AG Today

Ag Today April 24, 2017

Cattle ranchers welcome lush grasses

 

BY JOHN HOLLAND

jholland@modbee.com

Mother Nature has soaked the grasslands east and west of the San Joaquin Valley this year, to the delight of cattle ranchers who value this free feed.

It’s a gorgeous sight for city folks who drive into the foothills. For the beef industry, it means millions of dollars in avoided costs.

During much of the 2012-16 drought, ranchers had to supplement the grasses with purchased hay. They also might have sent cattle to market at less than ideal weight.

“They’re smiling,” said Tom Orvis, a rancher north of Oakdale and governmental affairs director for the Stanislaus County Farm Bureau. “They’re getting a lot of feed, and the cattle are in great shape.”

This land is not irrigated, so ranchers count on rain to grow grass from fall to spring. The cattle then go to irrigated pasture elsewhere, to Sierra Nevada grazing allotments, or to market.
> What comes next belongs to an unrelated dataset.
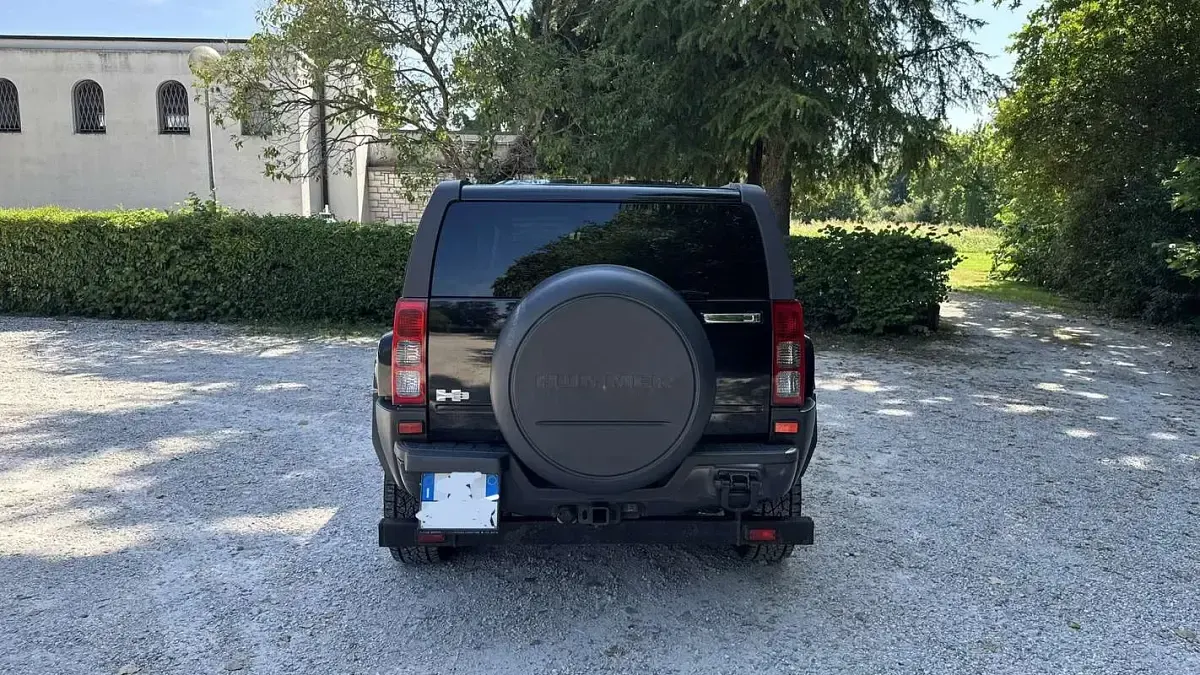 Usata Hummer H3 245 CV (180 kW) 2010 SUV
The first two years of drought reduced the grasses, and the third was so dry that the rangeland remained brown through most of winter. Conditions improved somewhat after that, even though the region technically remained in a drought.

Orvis said the rain gauge at his family ranch has measured 27.04 inches to date, the third-highest amount in records dating to 1934. He welcomes the warming weather this week, which will grow the grasses even more.

Cattle continue to graze for a while after the range has turned brown. Ranchers like to keep some in reserve for the fall.

The rangeland stretches into the Sierra foothills on the east and the Bay Area on the west. It is more extensive than irrigated cropland, but the value per acre is much less. Still, this open ground is essential to beef production.

Conditions this year are “excellent,” said Theresa Becchetti, a livestock and natural resources adviser at the University of California Cooperative Extension.

“This year, the rains started early and kept coming, producing more forage throughout the season, and once soil temperatures began to increase, the forage really took off,” she said.